Como recordaremos la lesión en la muñeca izquierda le mandó para casa después de haber superado la segunda ronda del torneo. La vaina que cubre los tendones de la articulación corría peligro de romperse, y su duodécima participación acabó traumáticamente.
Con la muñeca inmovilizada, espera la evolución de la misma para conocer exactamente cuándo podrá retomar la actividad física y tocar raqueta. Su mayor ilusión, una completa recuperación para encarar la segunda parte de la campaña, que incluye su condición de abanderado en los Juegos Olímpicos de Río 2016.

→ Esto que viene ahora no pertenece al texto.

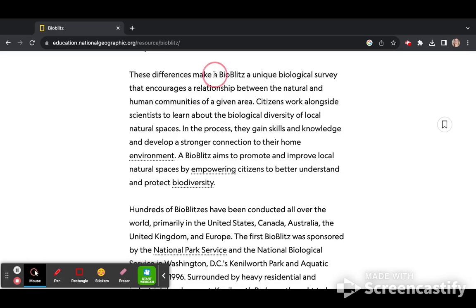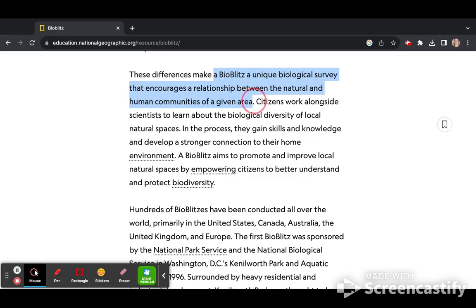A BioBlitz encourages a relationship between the natural and human communities of a given area.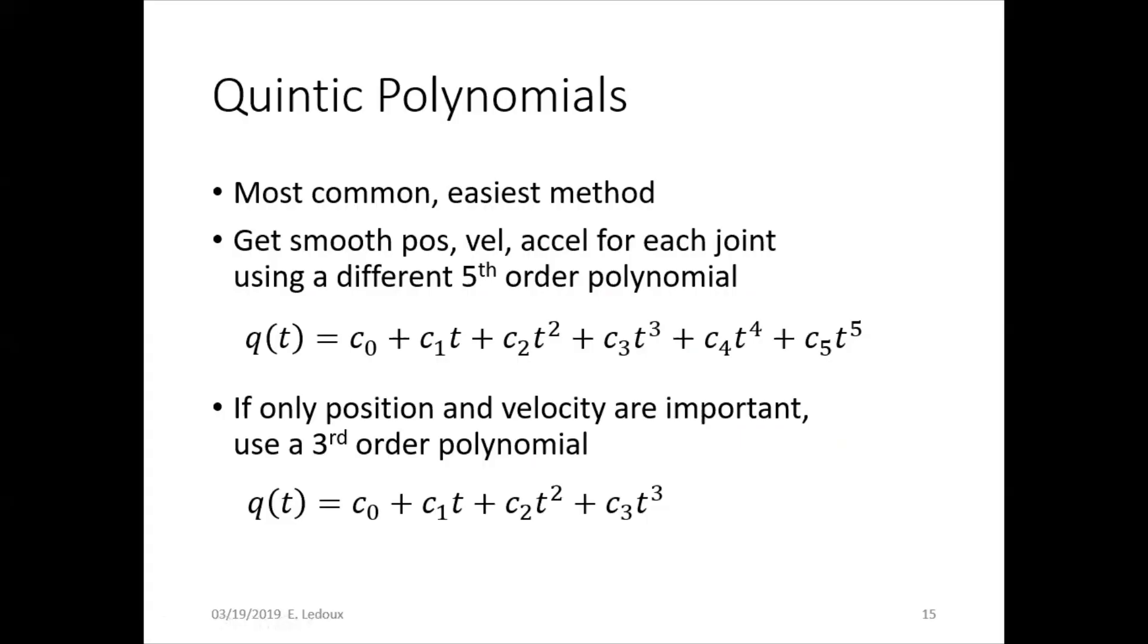Quintic polynomial path planning is one of the most common and easiest methods. A quintic polynomial is fifth order, so you can get smooth position, velocity, and acceleration for each joint using a different fifth order polynomial, one polynomial per joint.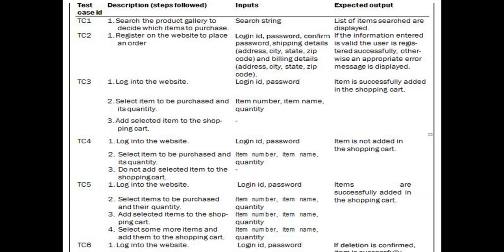Test case one: search for a product to decide which item to purchase. The input is a search string and the expected output is displaying items matching the search. Test case two: register on the website to place an order. The user provides login ID, password, confirm password, and shipping details such as city, address, state code, zip code, and street. As per the information entered, if valid, the user is registered successfully; otherwise an appropriate error message is displayed.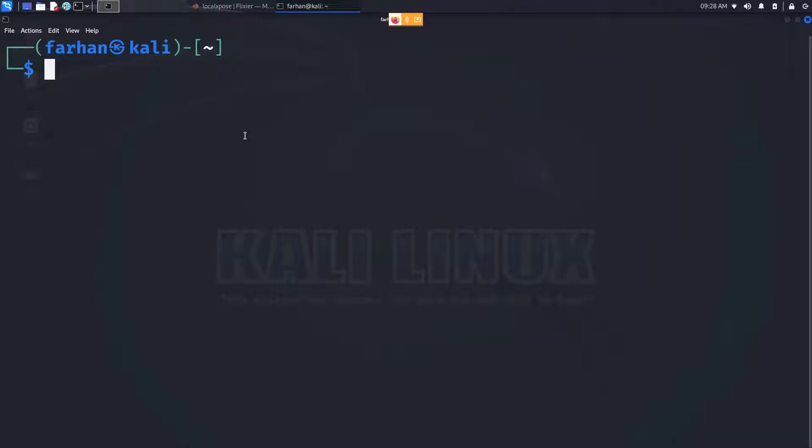In this video we are going to be installing and setting up LocalXpose on our Kali Linux. LocalXpose is just an alternative to ngrok. I have already made a video about ngrok before, you can check it out in the link in the description box.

Pero dejando atrás las preocupaciones profesionales, Rafa Nadal encaró el día de su treinta cumpleaños descansando, en la mejor compañía comendo una nueva década en su vida, en alta mar junto a su novia y un grupo de amigos.

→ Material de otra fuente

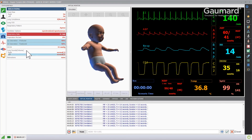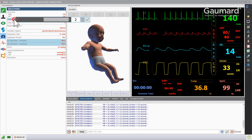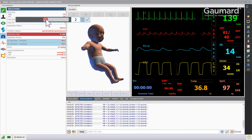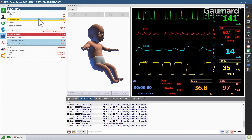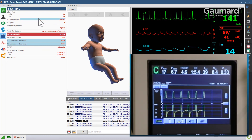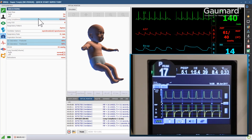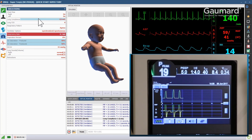SuperTori can be programmed with three levels of lung compliance. Click the lung compliance vital and move the slider to apply the appropriate change. Like a real patient, a decrease in compliance can be seen on the mechanical ventilator by an increase in peak pressure during volume controlled ventilations, and a decrease in volume in pressure controlled ventilations.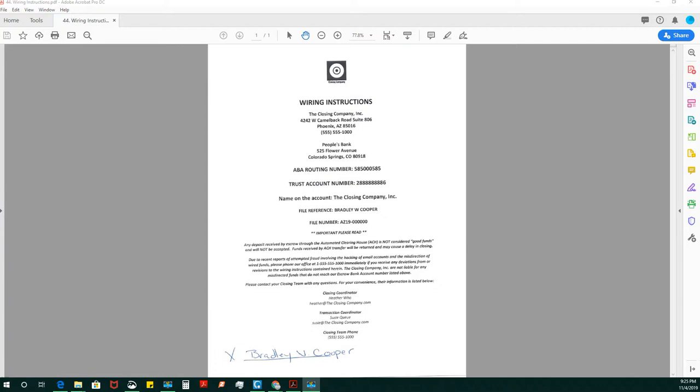But they all come with a wire fraud notice. Wire fraud is definitely on the rise. And you do not want to just hand signers wiring instructions and say, wire your funds that you're coming in with using these instructions.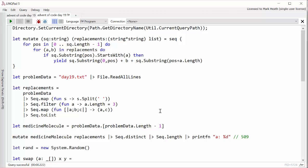Then all we need to do to solve part A was to call this mutate function with the medicine molecule and the replacements, pass it into Seq.distinct, which I guess is probably doing something like using a set under the hood to give us distinct elements. Then we're seeing how many elements are in that sequence with Seq.length and printing out the answer. And so that was nice and simple. I got to part A's solution quite quickly, probably 20 minutes or so.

Las chicas aprovecharon para broncearse al sol ibicenco. Xisca volvió a presumir de escultura figura con un biquini con estampado floral. También lucía un clásico borsalino que le daba un aire más chic.

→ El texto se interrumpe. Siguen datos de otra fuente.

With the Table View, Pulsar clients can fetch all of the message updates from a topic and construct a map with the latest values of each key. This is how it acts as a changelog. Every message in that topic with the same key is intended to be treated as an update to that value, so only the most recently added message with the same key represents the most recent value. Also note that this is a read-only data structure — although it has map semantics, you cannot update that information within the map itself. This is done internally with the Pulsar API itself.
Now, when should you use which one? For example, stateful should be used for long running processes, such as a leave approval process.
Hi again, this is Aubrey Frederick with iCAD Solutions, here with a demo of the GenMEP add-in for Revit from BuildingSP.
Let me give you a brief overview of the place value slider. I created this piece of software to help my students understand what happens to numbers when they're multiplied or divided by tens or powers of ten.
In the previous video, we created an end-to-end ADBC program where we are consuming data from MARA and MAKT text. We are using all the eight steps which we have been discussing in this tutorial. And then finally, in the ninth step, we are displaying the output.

Entretanto el consagrado deportista se convertía en el centro de atención de sus amigos, haciéndoles reír con sus bromas. No dudó en hacerse numerosos selfies poniendo arriesgadas posturas e incluso marcándose algunos bailes. Rafa, que lucía una muñequera en su mano izquierda, posó en la popa del barco para sus amigos que inmortalizaron el momento con sus móviles.
Nadal también aprovechó para darse un refrescante baño para combatir el sofocante calor antes de tomar asiento junto a su chica. Antes de finalizar la jornada, se dio una ducha y procedió a cambiarse de ropa antes de atracar.
Su relación siempre discreta y alejada de los focos, no dudan en volver a la Isla Pitiusa donde disfrutaron de un día en el mar, bañándose y tomando el sol mientras intercambiaban caricias y gestos cariñosos. El tenista, algo reacio a hablar de su pareja en público, recientemente comentó a la revista Harper's Bazaar que Xisca "es una mujer encantadora" y que se siente "muy a gusto con ella". Añadió también que probablemente sea ella la mujer de su vida. ¿Cuándo sonarán campanas de boda?